Comical and yet...I've often wondered, as I'm sure some of you have, if some fictional scenarios have not actually been translated to real life.  The idea that the CIA or terrorists  have taken ideas from fiction doesn't sound that far-fetched to me.  Sometimes truth really is stranger than fiction.

True Fiction offers adventure, suspense, and comedy as Ian Ludlow, nerdy author, must think like his fictional protagonist if he wants to survive.  

Kindle Unlimited

Suspense/Humor.  April 1, 2018.  Print length:  248 pages.

JUST for Fun


We are all influenced by book covers, but take a look at some of the pulp covers of classic literature!  (source: Literary Hub)




Friday, June 01, 2018

Jar of Hearts and The Color of Bee Larkham's Murder

Jar of Hearts is a compelling tale of bad decisions.  When she was sixteen, Georgina (Geo) Shaw falls in love with Calvin James, an older man at twenty-one.  Angela Wong, Geo's best friend, disappears without a trace.  Kaiser Brody, the third in the group of best friends, later becomes a detective determined to catch a serial killer.

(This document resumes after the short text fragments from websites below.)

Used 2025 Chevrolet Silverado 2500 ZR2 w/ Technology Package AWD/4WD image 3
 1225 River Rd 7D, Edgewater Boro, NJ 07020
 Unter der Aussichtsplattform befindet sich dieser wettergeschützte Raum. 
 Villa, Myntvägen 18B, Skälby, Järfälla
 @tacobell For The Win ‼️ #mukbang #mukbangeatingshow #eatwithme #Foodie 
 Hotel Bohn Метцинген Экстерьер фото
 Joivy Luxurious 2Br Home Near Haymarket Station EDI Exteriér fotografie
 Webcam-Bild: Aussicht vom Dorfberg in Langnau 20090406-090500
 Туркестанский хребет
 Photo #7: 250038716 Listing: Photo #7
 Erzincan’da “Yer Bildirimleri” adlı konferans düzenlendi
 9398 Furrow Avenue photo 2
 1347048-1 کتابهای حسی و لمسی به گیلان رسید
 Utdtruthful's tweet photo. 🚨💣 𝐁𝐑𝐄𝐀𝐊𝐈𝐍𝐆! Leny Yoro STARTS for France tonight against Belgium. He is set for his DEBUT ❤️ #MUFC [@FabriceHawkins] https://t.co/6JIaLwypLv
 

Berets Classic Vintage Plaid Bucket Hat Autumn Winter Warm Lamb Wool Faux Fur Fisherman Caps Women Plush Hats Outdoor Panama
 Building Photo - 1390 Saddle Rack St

from the description:   This is the story of three best friends: one who was murdered, one who went to prison, and one who's been searching for the truth all these years.

Jar of Hearts is an edgy, suspenseful tale that has some grim elements.   While wanting to sympathize with Geo, it is sometimes difficult to do.  Geo is, however, brutally honest with herself.  While she keeps some things secret, she accepts and admits her role in Angela's death.  

The book follows Geo in the past and in the present, and the  events on the night in question are revealed a little at a time.  In the present, a new nightmare is about to begin.

The conclusion bothered me a bit and seemed a bit rushed, but this is an intense book that 
will keep you turning the pages, getting involved with the characters and their situations, and puzzling through your own opinions.

Read in April; blog review scheduled for May 29.

NetGalley/St. Martin's Press

Suspense/Crime.  June 12, 2018.  Print length:  320 pages.

The Color of Bee Larkham's Murder features thirteen-year-old Jasper Wishart who is autistic, suffers from prosopagnosia (face blindess), and is a synesthete.   His autism and face blindness (he can't recognize faces and must depend on voices and clothing to identify even his own father) are definite drawbacks, but Jasper thinks of his synesthesia as a wonderful gift.  

Sounds are colors, and Jasper delights in the myriad colors of voices, music, even memories--his mother is cobalt blue.

What I liked:  Jasper.  It is difficult to truly imagine some of his autistic and facial blindness difficulties.  Although his conditions are natural for Jasper, they seem remarkably frightening for the reader.  Imagine only being able to recognize your father and distinguish him from others by the sound of his voice (and for Jasper, the color of his father's voice--a muddy brown) and his clothing.  All of the normal relationships in life would be so slippery!  

I enjoyed Jasper's curious approach to life and his charming character, but Harris also managed to make me imagine the frustrations of living with a bright child with so many complications.  Jasper's father does the best he can for his child, but he is also a single parent who must dress the same way each day to help his son recognize him.

Bee Larkham, the beautiful and unconventional new neighbor, captures the imagination of the entire neighborhood, but not always in a positive way.  She provides the impetus for some unpleasant situations.

Not so much:  The overuse of the color trope can get a little irritating.  There are also places where things drag; the story might be better served if it was a little shorter and tighter.

Reminiscent of The Curious Incident of the Dog in the Night-Time by Mark Haddon in the use of an autistic main character.  Sarah Harris has written a book that makes you curious about autism and synesthesia, but you still wonder about how the accuracy/realism of some of the details.

I enjoyed The Color of Bee Larkham's Murder and look forward to what Harris does next book.

Read in March; blog review scheduled for May 29.

NetGalley/Touchstone

Mystery/Coming of Age.  June 12, 2018.  Print length:  368 pages.